Nicola Zingaretti e Carlo Calenda
A una settimana dalle elezioni europee le prospettive dei progressisti italiani non sono brillanti. L’unica forza politica che, secondo gli ultimi sondaggi, appare in leggera crescita, è il Partito Democratico, che sotto la guida di Nicola Zingaretti avrebbe recuperato un paio di punti rispetto alle elezioni politiche del 2018.

Se dovesse attestarsi intorno al 20 per cento, come dicono le previsioni, il Pd sarebbe in posizione dominante rispetto alle altre formazioni progressiste, alcune delle quali potrebbero persino non superare il quorum. Un risultato deludente se confrontato con quello previsto per la Lega, e anche, sia pure in misura minore, per il M5S.

Sotto questo profilo, colpisce la parabola dei Verdi, che erano, almeno sulla carta, una delle realtà a cui guardare con attenzione, specie dopo i risultati ottenuti in Germania, e il grande successo della mobilitazione per i Fridays for Future. Eppure, sempre secondo le ultime rilevazioni, le cose non si mettono bene per gli ambientalisti. A una posizione piuttosto bassa nei sondaggi, che non incoraggia il voto dei tanti elettori ancora indecisi per le liste Verdi, si aggiunge l’effetto, difficile da quantificare, ma verosimilmente significativo, dell’incidente provocato dalla presenza nelle liste di due candidati che in passato avrebbero avuto legami con ambienti della destra. La reazione confusa dei dirigenti dei Verdi, e la dissociazione di Possibile - che ora chiede voti solo per i propri candidati - non lascia attendere nulla di buono dal risultato elettorale. D’altro canto, se i Verdi non festeggiano, non si può dire che il Pd, anche se dovesse avere il risultato sperato, o persino un po’ più alto del previsto, possa guardare con serenità al dopo 26 maggio.

Negli ultimi giorni, infatti, si sono riaccese le polemiche relative alla futura collocazione di alcuni dei parlamentari europei eletti in quota Pd. Aderiranno, come previsto, al gruppo S & D, ovvero Socialisti e Democratici, oppure andranno a rafforzare le fila del nuovo raggruppamento centrista che dovrebbe nascere dalla fusione tra i liberali di Alde e la Renaissance macroniana? Articoli apparsi sulla stampa internazionale dopo la dichiarazione di sostegno a Renaissance da parte di Matteo Renzi lasciano intendere che alcuni parlamentari del Pd potrebbero spostarsi, indebolendo ulteriormente il gruppo S & D.

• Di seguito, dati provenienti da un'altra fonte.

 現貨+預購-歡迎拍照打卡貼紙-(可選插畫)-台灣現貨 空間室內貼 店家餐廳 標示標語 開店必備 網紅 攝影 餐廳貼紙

La smentita di Zingaretti, che parla invece di un’alleanza più ampia, dopo il voto, tra progressisti, che dovrebbe includere anche i macroniani, non convince del tutto. Senza ritornare sulle dichiarazioni di Carlo Calenda, poi smentite, che settimane fa aveva ipotizzato una sua adesione al gruppo Liberale di Alde e non a quello dei S & D, rimane il fatto che alcuni dei candidati nelle liste del Pd che potrebbero essere eletti non sono affatto vicini alle posizioni dei socialisti.

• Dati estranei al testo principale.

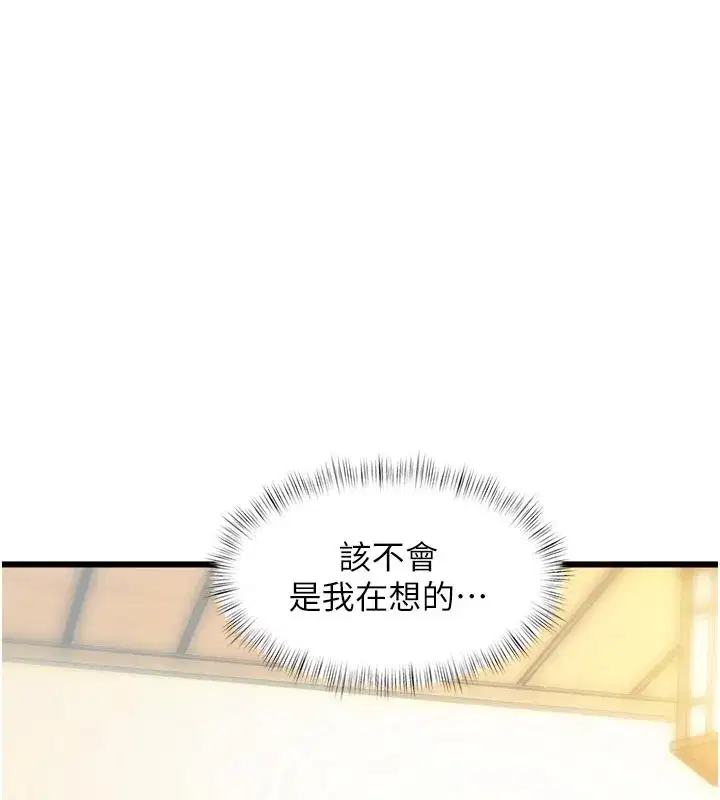 第13話-初嘗人體盛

Insomma il Pd appare ancora paralizzato da una caparbia determinazione nell’evitare di scegliere tra una prospettiva centrista (incarnata da un Macron idealizzato), e una socialista, che accetti fino in fondo la sfida posta dall’aumento delle diseguaglianze e dalla disaffezione di molti elettori nei confronti dei principi fondamentali delle democrazie liberali. Una caparbietà difficile da spiegare. Come ha scritto di recente Will Hutton, ex direttore dell’Observer, c’è una straordinaria vivacità intellettuale a sinistra, quindi non sono certo le idee che mancano per una forza progressista al passo coi tempi.

Ne abbiamo testimonianza anche nel nostro paese, con iniziative come il Forum Diseguaglianze Diversità animato da Fabrizio Barca e da un gruppo di attivisti e studiosi. Invece di inseguire le destre, i partiti progressisti dovrebbero riprendere, come ha suggerito Cas Mudde, le parole d’ordine di solidarietà e eguaglianza care al socialismo democratico, proponendo nuove soluzioni all’aggravarsi del vecchio problema degli squilibri distributivi generati dal Capitalismo. Ma per far questo, il Pd deve uscire dalla sua ambiguità e decidere finalmente da che parte stare.